Almost everything interesting that happens from a story perspective happens during some minimally interactive scene; almost all of the gameplay focuses on fairly repetitive fights and meanderings through dark woods. The music and visuals for the horror scenes are effectively creepy, at least the first few times, but I felt as though the levels could have used a lot of tuning: it was easy to get turned around on the dark paths despite the minimap (because following the minimap directly often led off the side of a cliff or into a river); some fight scenes killed me the first time I tried them and were easy the second; objects that introduced significant gameplay variety showed up more haphazardly than I would have liked.

I realize that my not being a very good player of this kind of game probably means the game felt worse than it was. Other reviewers have praised the tactical challenge of figuring out the best order for light-burning and shooting your opponents. But I found the play too unpredictable to let me do this. I sucked at Halo: ODST too, but at least there it was clear how and when I might get new weapons, how to use the environment to my advantage for cover, how to capitalize on downed enemies. My failures there seemed justified, even if frustrating. My successes confirmed that I’d understood the game dynamics properly. In Alan Wake I rarely felt that way. The difficulty of the same situation varied drastically depending on whether I happened to see the right things at the right time, and my success or failure often felt arbitrary.

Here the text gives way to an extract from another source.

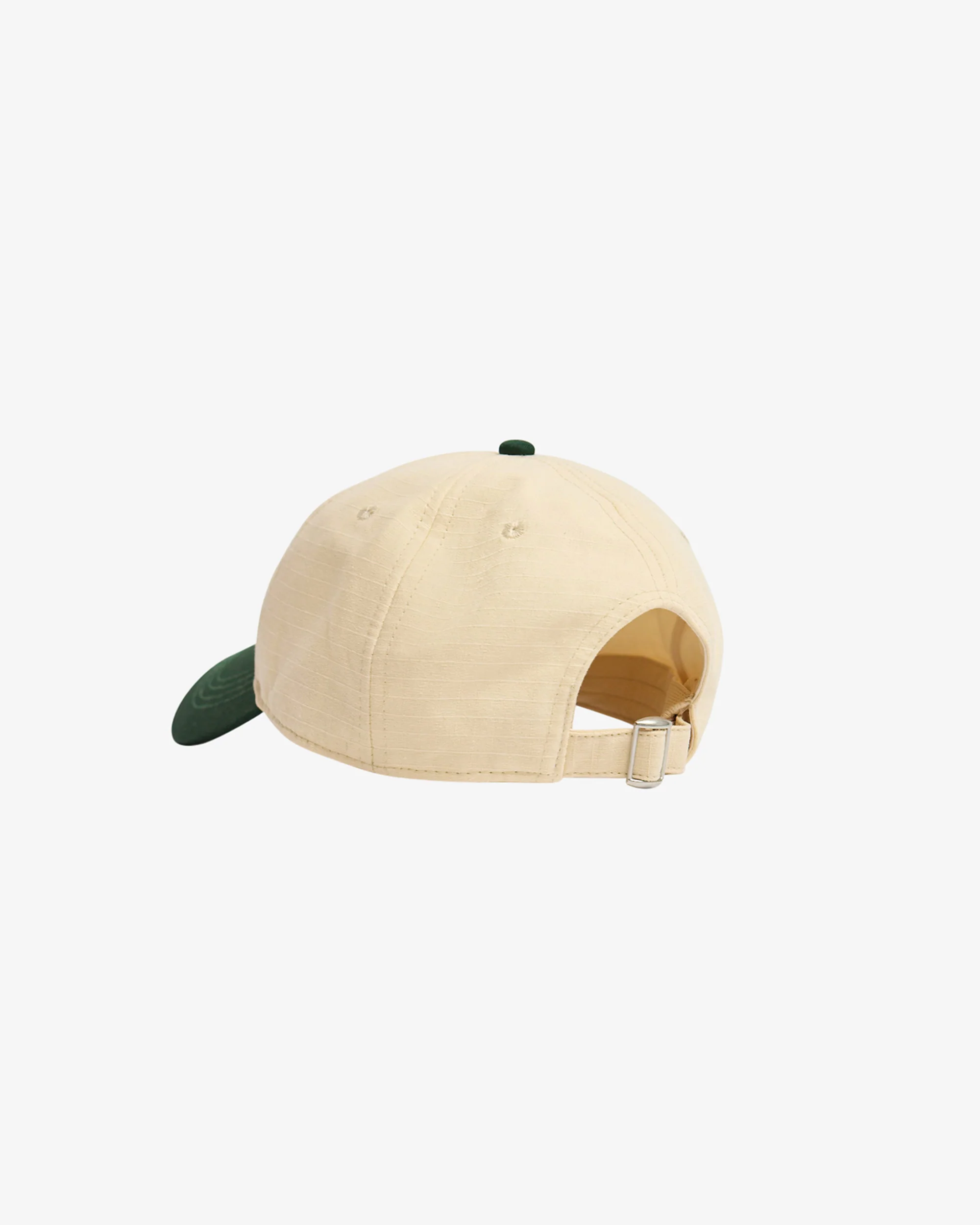Ripstop Quality Goods - Off White/Green - Image 2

The ambiguous play does some unfortunate things for the characterization. Alan isn’t portrayed as a bad-ass kind of guy. He doesn’t act tough. His thoughts, when hinted to us, reflect fear and possibly some resentment. This would work fine in a story with a slow build-up, where the protagonist doesn’t even meet any of the forces of darkness directly until late in the tale. Plenty of excellent horror stories do their best work with suggestion and delay the big encounters until the very end. But Alan tiptoeing through the darkness, nervous but actually completely unmolested by monsters, would presumably not have provided a compelling gameplay experience.

So instead we have Alan repeatedly encountering entities from the dark side and defeating them — because that’s how the game can be made to go forward. And he does this not by intelligent use of his surroundings, not by stocking up in town with headlamps and an ammo belt and a big-ass lantern like anyone with half a brain would in this situation; not by chilling by a lamp post picking off his attackers until they ran out; but by running half blind through the woods hoping to find generators, bullets, and flashlight batteries lying around.

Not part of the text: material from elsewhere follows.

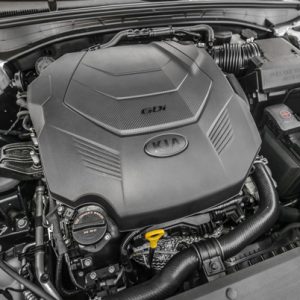 کادنزا ۲۰۱۷، محصول لوکس کیا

It’s a scenario that simultaneously frames Alan as a non-heroic guy and makes his sinister attackers seem a lot less powerful than they ought to be. Survival horror only works fictionally if we actually believe that the person doing the surviving is using every possible means at his disposal.

Gameplay messaging only part of the problem, though. The reciprocal issue is that the gameplay bits are there (presumably) to sell you the story of how dangerous and scary this place is, and to introduce some unnerving hints of things to come. The cut-scene parts of the story do not capitalize on this at all effectively. Alan as seen in the cut-scenes is relentlessly foolhardy and dense. I consistently felt as though he had a different set of information than I did: that he hadn’t learned to fear the woods (as he ought) but he had some other drives and motivation. Again and again he sets out for dangerous places through dangerous ground, seemingly without sufficient reason. I understand that the guy wants to rescue his wife, but it’s not always clear that he’s going where his wife might be found.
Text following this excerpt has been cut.